• **Goal of the exercise**: Make an exact copy of the lines from the one containing "Stock Illustration - Silhouettes" through the end of the records below, and leave out every picture.

• **Records for the task**:

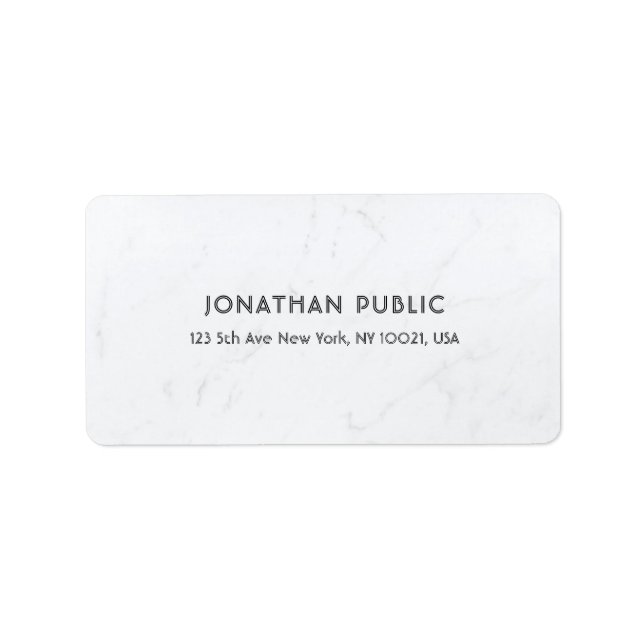 Elegant White Marble Professional Modern Simple Label (Front)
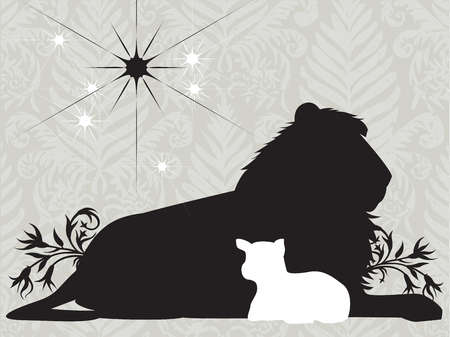 Stock Illustration - Silhouettes of a lion and lamb with a bright 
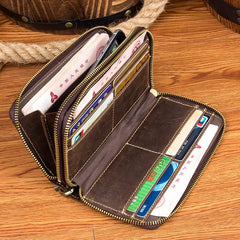 Cool Dark Brown Mens long Wallet Wristlet Wallet Clutch Wallet Yellow Brown Long Wallets for Men - imessengerbags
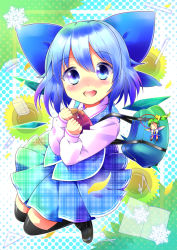 Rule 34 | 1girl, alternate costume, black thighhighs, blue eyes, blue hair, bow, character doll, cirno, compass, daiyousei, eraser, flower, hair bow, ice, ice wings, long sleeves, notebook, open mouth, pencil, ribbon, ruler, school uniform, set square, shirt, short hair, skirt, smile, sunflower, thighhighs, touhou, uta (kuroneko), vest, wings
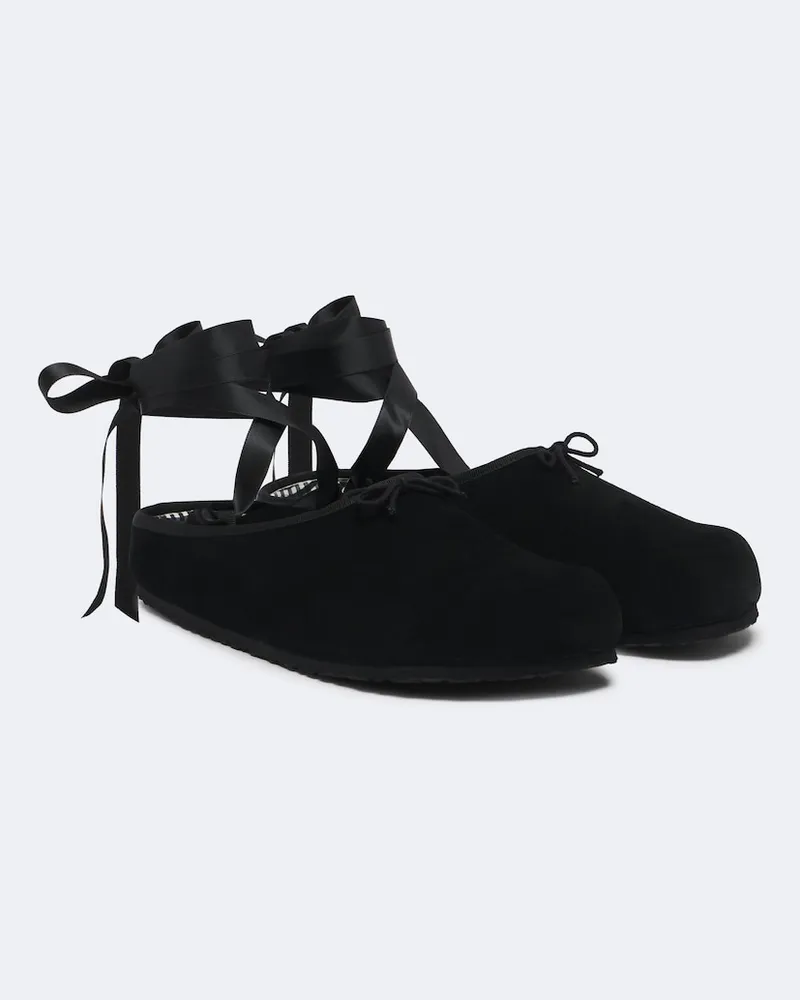 Birkenstock X Repetto Mules Opera aus Veloursleder Schwarz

• **Answer to this task**:
 Stock Illustration - Silhouettes of a lion and lamb with a bright 
 Cool Dark Brown Mens long Wallet Wristlet Wallet Clutch Wallet Yellow Brown Long Wallets for Men - imessengerbags
 Rule 34 | 1girl, alternate costume, black thighhighs, blue eyes, blue hair, bow, character doll, cirno, compass, daiyousei, eraser, flower, hair bow, ice, ice wings, long sleeves, notebook, open mouth, pencil, ribbon, ruler, school uniform, set square, shirt, short hair, skirt, smile, sunflower, thighhighs, touhou, uta (kuroneko), vest, wings
 Birkenstock X Repetto Mules Opera aus Veloursleder Schwarz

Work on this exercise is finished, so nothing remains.